Fage insistant dans les années 1920 sur le fait que le sprat « plus encore peut-être que la sardine, est au point de vue de la température, extrêmement exigeant au moment du frai. Sur toute l'étendue de son vaste habitat, ses larves qui se développent vers 30 m de profondeur ne se rencontrent que dans les eaux de 8 à 11 degrés. Il faut donc, pour que le sprat se maintienne dans une région donnée, que les adultes y trouvent les conditions favorables à leur reproduction »[1]. On peut donc penser que, outre les effets des pollutions et de la surpêche ou de la dégradation de certaines frayères par le chalutage, le réchauffement climatique ait pu contribuer à la régression de l'espèce[réf. nécessaire].

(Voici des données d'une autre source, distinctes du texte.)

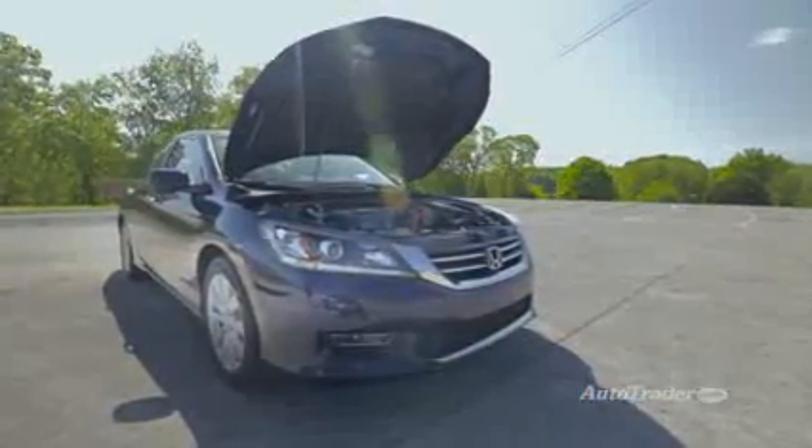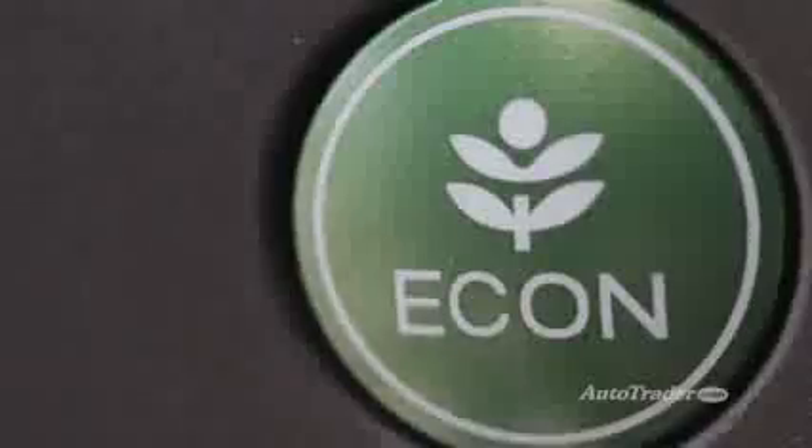4-cylinder engines are usually found in budget-friendly sedans like this Honda Accord. They're generally smaller and less powerful than 6-cylinder engines; however, they do keep the price of the car down and are more fuel efficient.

Selon les données disponibles, les sprats, comme les harengs ou d'autres espèces, peuvent contenir des métaux lourds[14] ou accumuler de faibles doses de produits chimiques (PCB, dioxines notamment), mais moins que l'anguille ou d'autres espèces situées plus haut dans le réseau trophique[15]. Certains de ces polluants sont des perturbateurs endocriniens. Leurs effets à long terme sur les populations de sprat semblent peu étudiés.
En France métropolitaine, il existe de nombreux synonymes pour désigner le sprat : harenguet, menuise, blanquette, clupée spratte, mélette (ou melette), anchois de Norvège, sprot ou esprot. En breton, on le connaît sous le nom de glizig.